Designed to focus on humans in public waiting areas, places where people experience time, the Surf Bench by German designer Kim Andre Lange is an interactive bench. Made from movable wooden and steel elements that mimic the flow of kinetic waves, the Surf Bench teaches its users about physics. Know more about it on FURNITURE DESIGN AND TECHNOLOGY (FDT).

Lange observed waiting rooms and realised that a strong visible emotion of nervosity sticks out within these rooms. According to her, time is strongly experienced in such places where there is always a lack of information on the duration of waiting time or the missing of given activities and entertainment, thereby allowing time to pass slowly. “In our performance-society, the feeling of being watched by others while being on stand-by is often the reason why we see people in waiting areas chain-smoking, scrolling purposeless through their phones, or non-stop cleaning their glasses. All observed activities are executed by our hands, our tools for being productive. Sitting around watching people or meditating is not considered a productive benefit for our society. But there are some non-manual occupations highly valued by our society,” she adds. “Like social interaction, education or the discovery of something new. By analyzing present waiting areas one object is found in most of them: the waiting bench.”

Benches in waiting rooms are often abused or violated by users. The Surf Bench is, thus, an object without any characteristics that helps one to get through that nervous time in the waiting zone. The Surf Bench makes users curious to explore its function by keeping users busy and teaching them physics by using their hands.

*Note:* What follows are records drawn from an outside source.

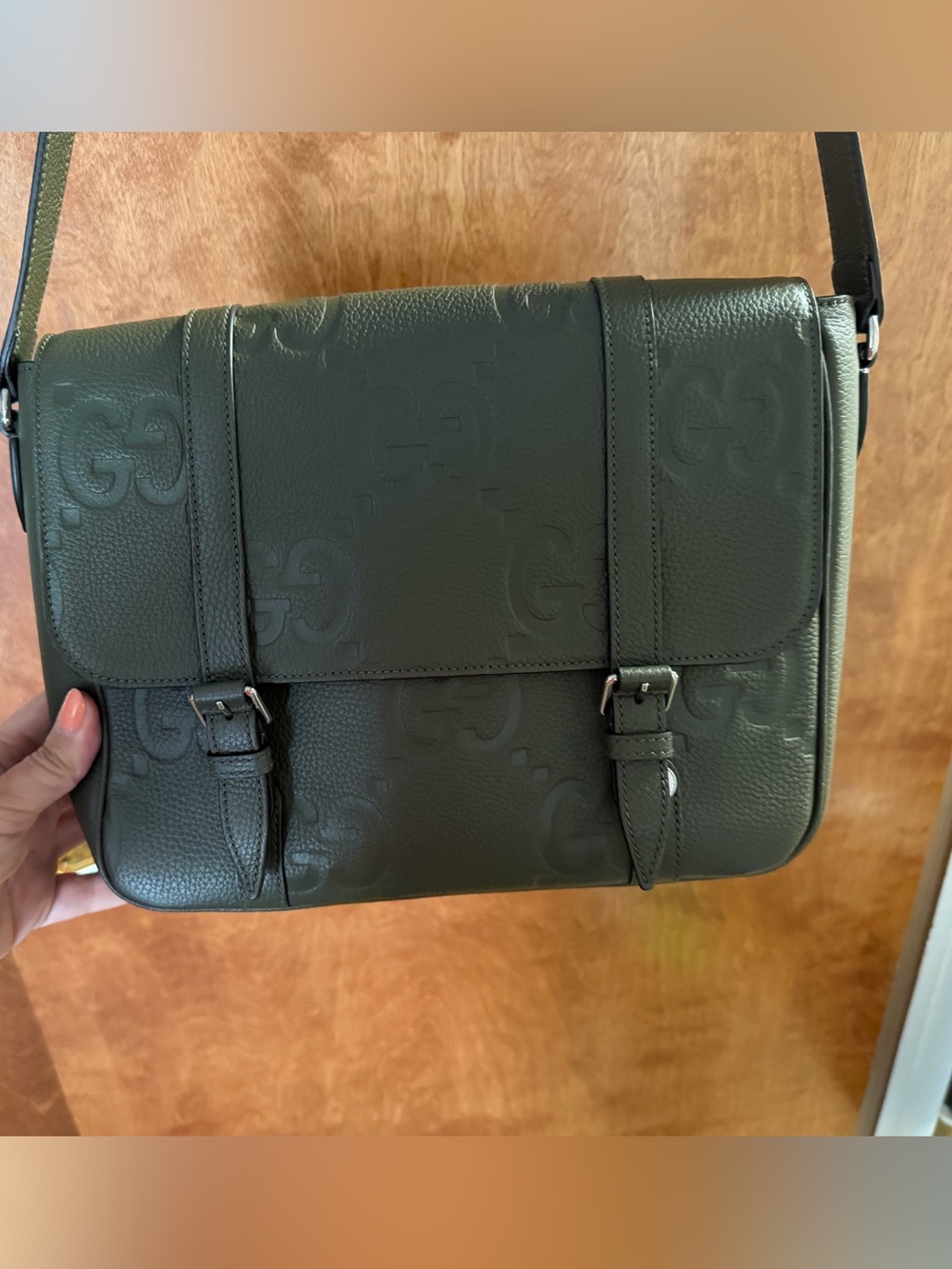 Gucci Dark Green Embossed GG Leather Messenger Bag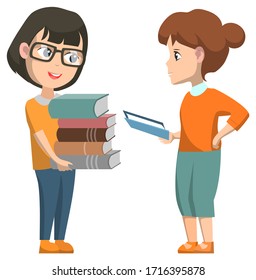 Book club for pupils after lessons. Schoolgirl standing near teacher woman. Girl with five books in hands. Hobby reading interesting stories. Back to school concept. Flat cartoon vector illustration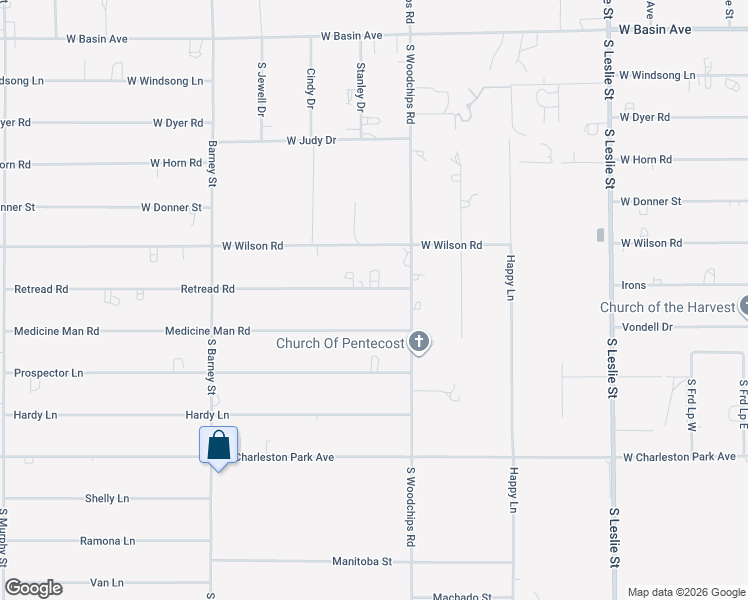 map of restaurants, bars, coffee shops, grocery stores, and more near 2601 Retread Road in Pahrump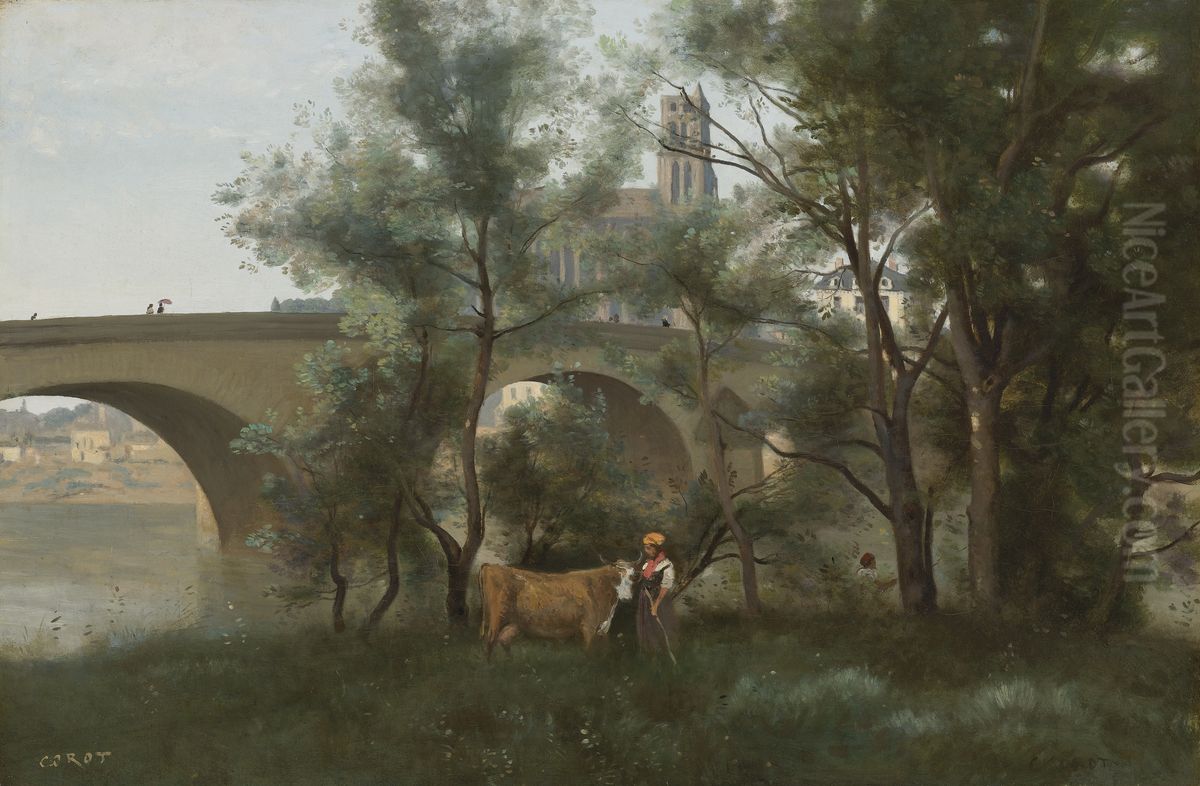 Mantes, the banks of the Seine at the foot of the bridge Oil Painting by Jean-Baptiste Camille Corot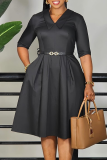 Elegant Solid Color With Belt V Neck Long Dresses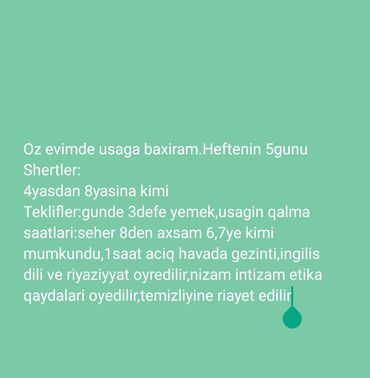 daye iş elanları sumqayıt: Dayə tələb olunur, İstənilən yaş, 5/2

Appearing like a spinal cord, the Surf Bench is made of wood and steel elements that modify shape when interacted. The bench mimics the flow of kinetic waves when someone sits down on it, where the weight of the user sends a ripple effect throughout the length of the bench. The kinetic wave, thus, keeps users’ minds occupied and also teaches them the physics behind it.

Available in dimensions 240cm X 45cm X 45cm.